An Interview (and incident) with Jamaica Kincaid

“Around Noon” at Ideas Center Radio 90.3   WCPN.org
In this interview Jamaica Kincaid talks about gardens and clarifies that
Antigua doesn’t have gardens as you think. There are the botanical gardens that have plants that are not from Antigua and represent the spread of Empire,  and then there were the gardens similar to her mother’s which were grown to for food, medicines and sometimes because they were attractive.
The Garden of Eden
In the Bible it says that first there was the Tree of Life and there was the Tree of Knowledge. The Tree of Life, represents what is grown for survival and this is what people of Antigua grew. Knowledge comes after, and that is more like the botanical gardens, where people have the luxury to grow for beauty and uniqueness.
She remembers being taught and made to memorize the poem, “I wandered lonely as a cloud”, by William Wordsworth in school. (She mentions that she wrote about this in one of her books (Lucy)) When she came across these flowers in Central Park in New York, she wanted to crush them all. “I hated them,” she says. Without knowing it, she understood that the flowers were representative of dominance and the spread of the Imperial project. She says that now she has planted 10,000 daffodils in her Vermont garden “in honor of Wordsworth”, and that she has “a daffodil tea party” every spring.
Living half of her time in California she has developed a fascination with the San Andres Fault in California. The natural environment interest her and she reiterates that
gardens for people with a lot of money. And that she was requested to speak at a botanical society that was full of “amusingly silly people” and that one, Mr Frank Cabot asked her to speak in Charleston, North Carolina. Upon her arrival there she saw a stature celebrating the vice president of Monroe, she found the statue and what it represented about slavery offensive. There was a talk about a garden that people who were going off to be incinerated made, a beautiful garden, and Kincaid felt that there was this up close history that people were ignoring. That the people there celebrating gardens did not make the connection between the history of the nearby plantation, Middleton, and the political violation. Mr. Cabot said he was sorry that he have invited her to speak because she introduced a political element to the organization’s talk. Kincaid told him that just outside was a pile of rubble that Sherman (the Union general) had brought down, as an aside she said, “I like Sherman very much.” She thought about the beautiful butterfly shaped garden and the rice field that was cultivated by slaves. She said that Mr. Middleton who owned the plantation where they were celebrating the after party was one of the signers of the Declaration of Independance. Kincaid was trying to communicate that there was no separation between the gardens and politics that “politics is not removed from gardening.”

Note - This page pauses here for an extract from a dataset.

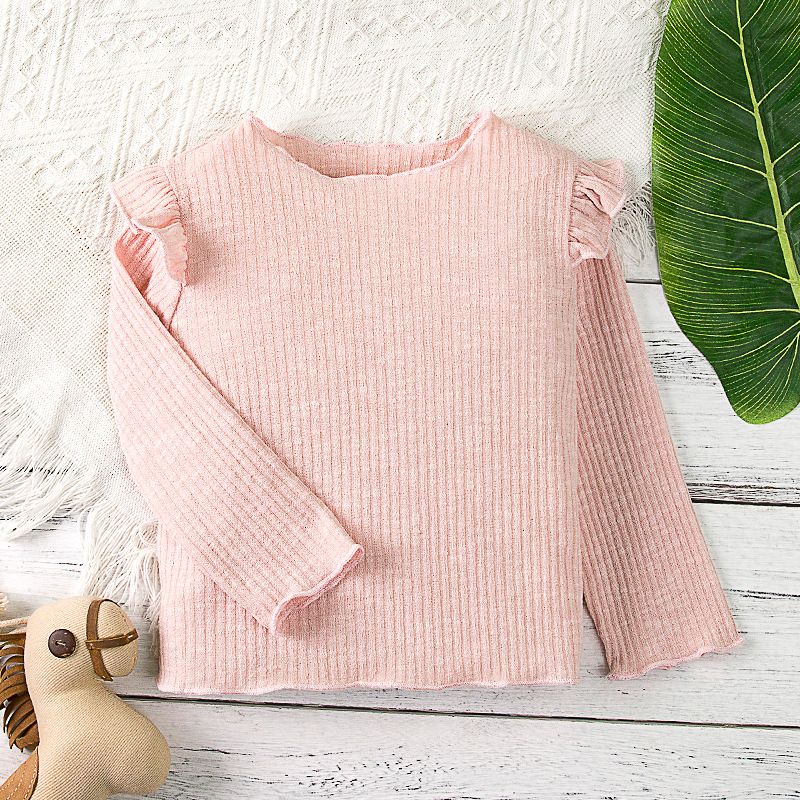 Autumn and Winter Girls' Solid Color Fleece Long-Sleeve Base Shirt, Everyday Comfortable Sweet Ruffle Shoulder Design, Warm Top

She brought the topic back to contemporary times and mentioned the wind farms that are important to provide natural clean energy would also “make a number of birds extinct.” Her point being that though “the greenness of the earth is important…” it comes at a costs. She said, “I think that we Americans are not used to thinking that things costs something. We don’t think it comes at a cost at all.”
I thought the interview caught Kincaid at a period of transition in her thought and life. She uses the the pronoun “we” when referring to herself, which signifies a joining into this national group. She is moving her life over to California and is beginning to concern herself with the preoccupations of that part of the world, for example, the way the earth moves is fascinating to her and the transfer of her insight about the environment is broadening. She is accepting a position at Claremont College, a liberal arts college, and will begin to make her concerns felt there.